(Caption-style text data)
* * *

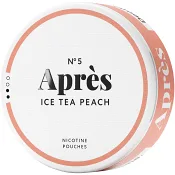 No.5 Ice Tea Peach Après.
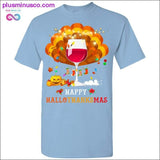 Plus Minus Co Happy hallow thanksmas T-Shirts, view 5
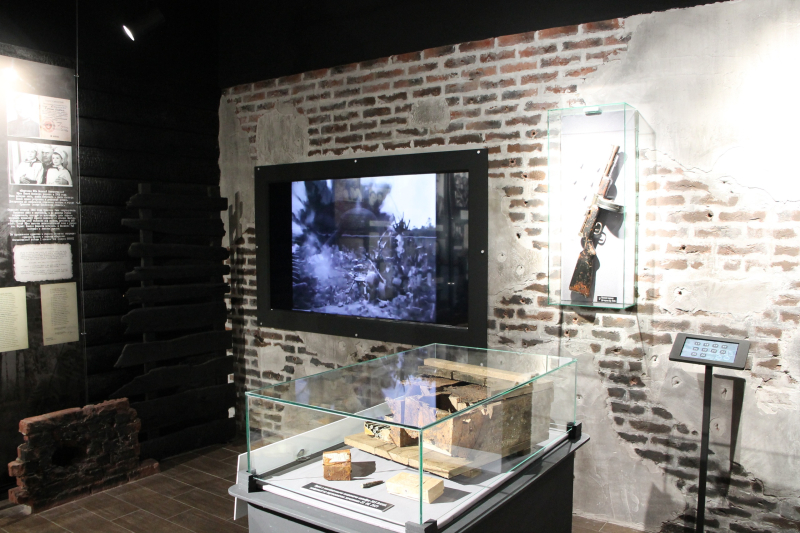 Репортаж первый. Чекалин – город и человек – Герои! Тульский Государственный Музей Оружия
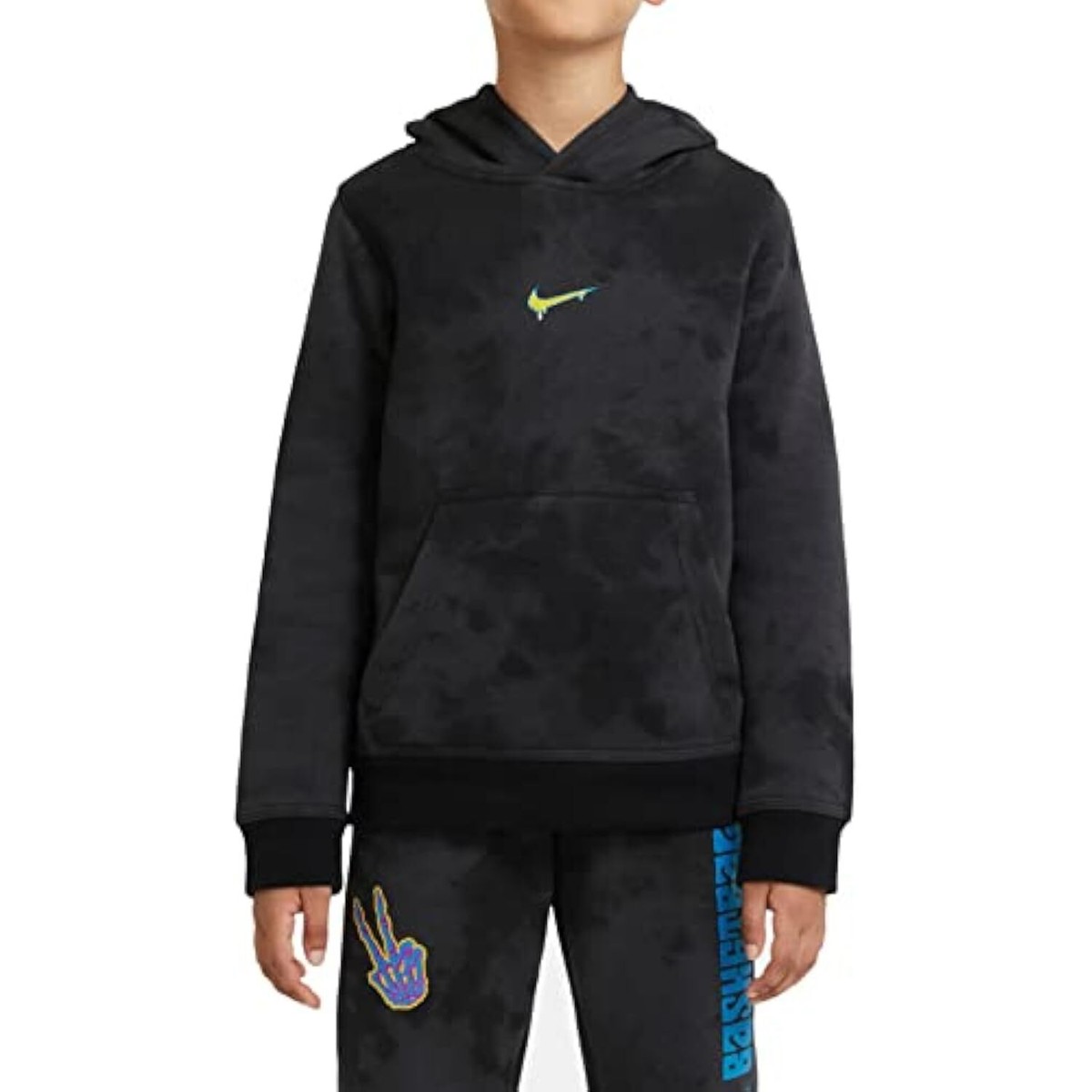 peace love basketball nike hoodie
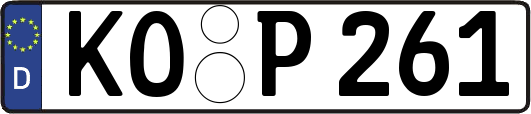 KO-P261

* * *

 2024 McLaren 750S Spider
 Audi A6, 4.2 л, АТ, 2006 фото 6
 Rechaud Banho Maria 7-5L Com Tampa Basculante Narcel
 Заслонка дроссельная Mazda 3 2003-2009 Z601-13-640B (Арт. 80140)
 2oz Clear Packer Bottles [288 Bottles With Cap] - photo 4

* * *

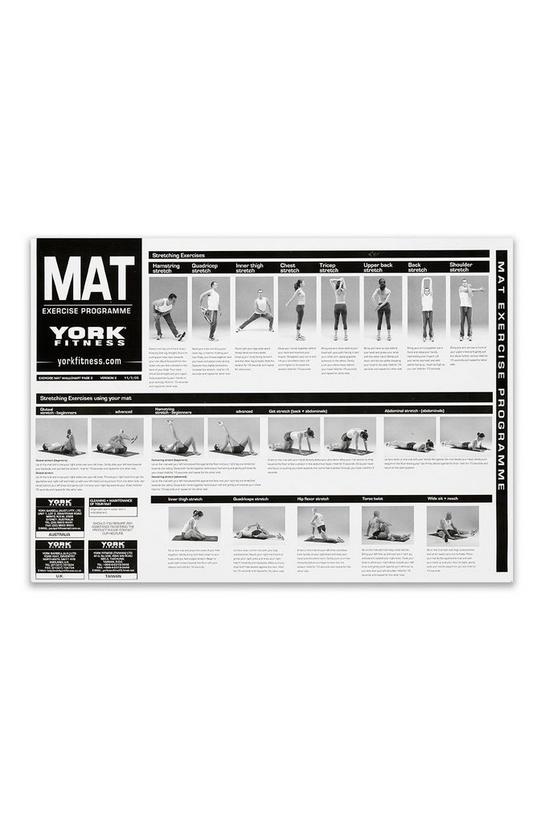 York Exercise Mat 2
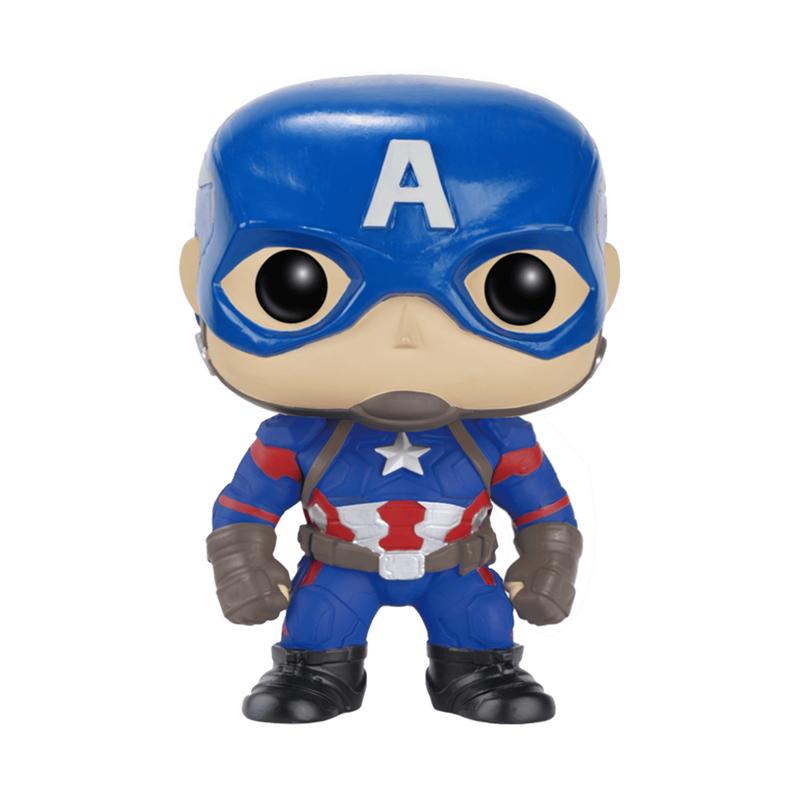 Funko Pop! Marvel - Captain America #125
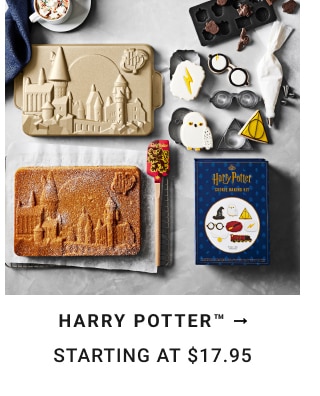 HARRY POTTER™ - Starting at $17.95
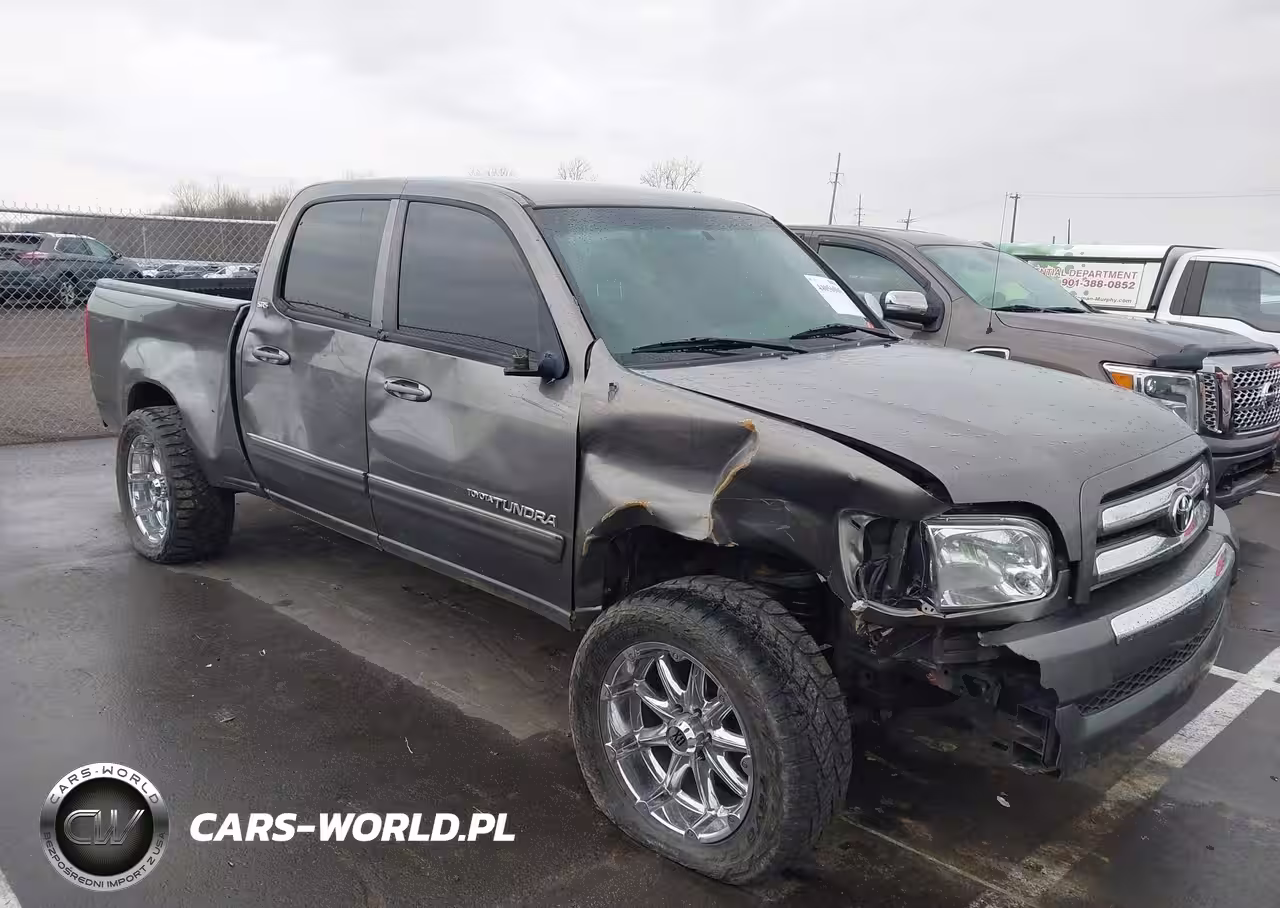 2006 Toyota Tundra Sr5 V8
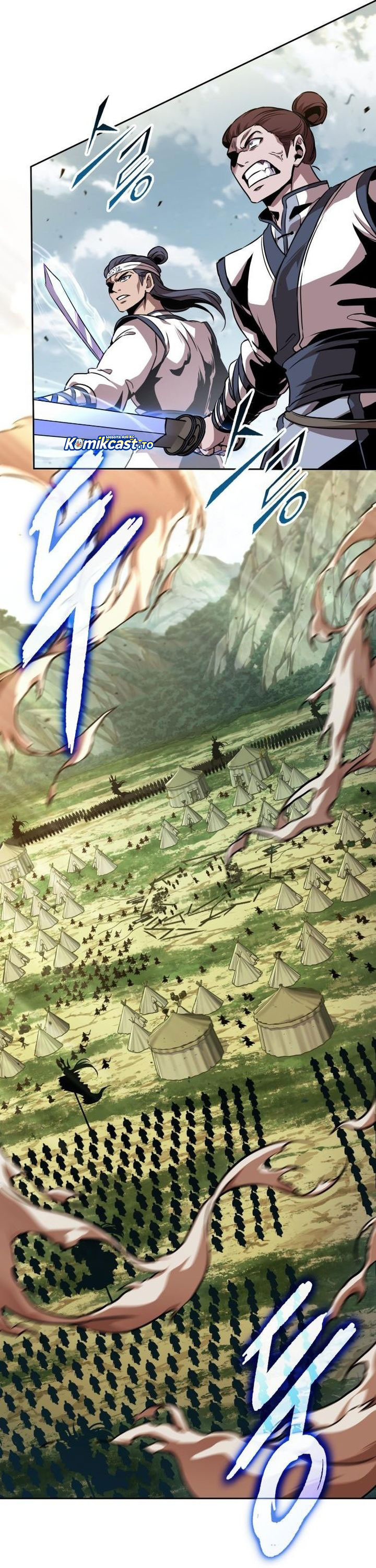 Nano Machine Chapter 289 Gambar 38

* * *

* WHAT YOU NEED TO DO *
Retype only the stretch of lines above starting at the one with "Rechaud Banho Maria" and stopping at the one with "2oz Clear Packer", exactly as written, with both kept.

* WRITTEN ANSWER *
 Rechaud Banho Maria 7-5L Com Tampa Basculante Narcel
 Заслонка дроссельная Mazda 3 2003-2009 Z601-13-640B (Арт. 80140)
 2oz Clear Packer Bottles [288 Bottles With Cap] - photo 4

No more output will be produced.